How to Communicate the NDA to Your Agency Partner
- Pre-call Email – Attach the NDA with a brief note: “Please review and sign before we share the prototype.”
- Live Walk-through – During the discovery call, allocate five minutes to explain the non-circumvention clause.
- Shared Dashboard Access – Grant view-only access to the project board; this shows progress without revealing the dev team’s identity.
- Post-sign Confirmation – Send a signed copy and a one-pager summarizing key obligations.
Measuring Success: KPI Dashboard
| KPI | Target | Tool |
|---|---|---|
| NDA Signed Within 48 Hours | 90% of new pilots | DocuSign analytics |
| Confidential Breach Incidents | 0 per year | Internal audit logs |
| Client Retention After Pilot | 80% continue to retainer | CRM (HubSpot) |
| Average Turnaround for Pilot | 2-3 weeks | Project management software |
Final Thoughts
A white-label dev partnership can unlock high-margin services for agencies that lack technical talent, but only if the legal framework keeps the agency’s brand and client relationships safe. By embedding precise confidentiality, ownership, and non-circumvention clauses into your NDA, you create a foundation of trust that lets both parties focus on delivering AI-driven automation, voice solutions, and custom back-ends without fear of poaching or IP loss. Treat the NDA not as a hurdle but as a strategic asset that differentiates your agency in a crowded market.
Frequently asked questions
What is the difference between an NDA and a non-disclosure clause?
An NDA is a full contract that outlines the obligations of both parties to keep information confidential, while a non-disclosure clause is a single provision that can be inserted into a broader agreement. The NDA provides enforceable remedies and a defined term, whereas a clause alone may lack clarity on duration and penalties.
How long should a non-circumvention period be for a white-label partnership?
Typically, 12-18 months is considered reasonable and enforceable in the US, UK, and AU. Longer periods risk being struck down as unreasonable restraints on trade, according to the American Bar Association.
Can I use a standard template for all jurisdictions?
A base template works, but you must adapt sections such as governing law, data-processing addenda, and the length of non-circumvention clauses to comply with local regulations.
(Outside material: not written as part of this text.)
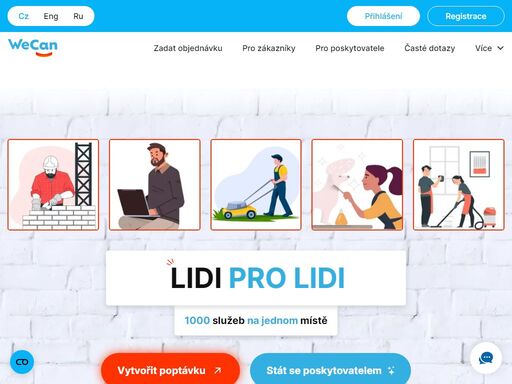 hledání specialistů z různých oborů: opravy a stavby, stěhování, marketing, chůvy, úklid, brigádníci.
Consulting local counsel ensures enforceability.
What happens if the dev partner breaches the NDA?
You can seek injunctive relief to stop further disclosure, claim actual damages, and recover reasonable attorney fees. Courts often grant swift temporary injunctions in IP-related breaches.
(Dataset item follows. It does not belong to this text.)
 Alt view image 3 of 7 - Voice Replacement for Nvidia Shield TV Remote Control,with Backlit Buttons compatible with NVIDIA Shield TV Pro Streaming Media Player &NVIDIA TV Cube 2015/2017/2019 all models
Do I need to disclose the NDA to my clients?
Generally, no. The NDA is between your agency and the dev partner. However, if the client’s data is part of the confidential information, you may need to inform them of the protections in place for transparency.
How can I verify that the dev partner respects the NDA?
Implement audit logs in your shared project dashboard, require regular status reports, and schedule quarterly compliance reviews. A breach detection system can flag any unauthorized data transfers.
Is it safe to share source code with a white-label partner?
Yes, as long as the NDA explicitly states that the source code remains the agency’s intellectual property and the dev partner must return or destroy it after the project ends.
What if my agency later wants to bring development in-house?
Include a clause that grants you a royalty-free license to any code or assets created, allowing a smooth transition without additional fees.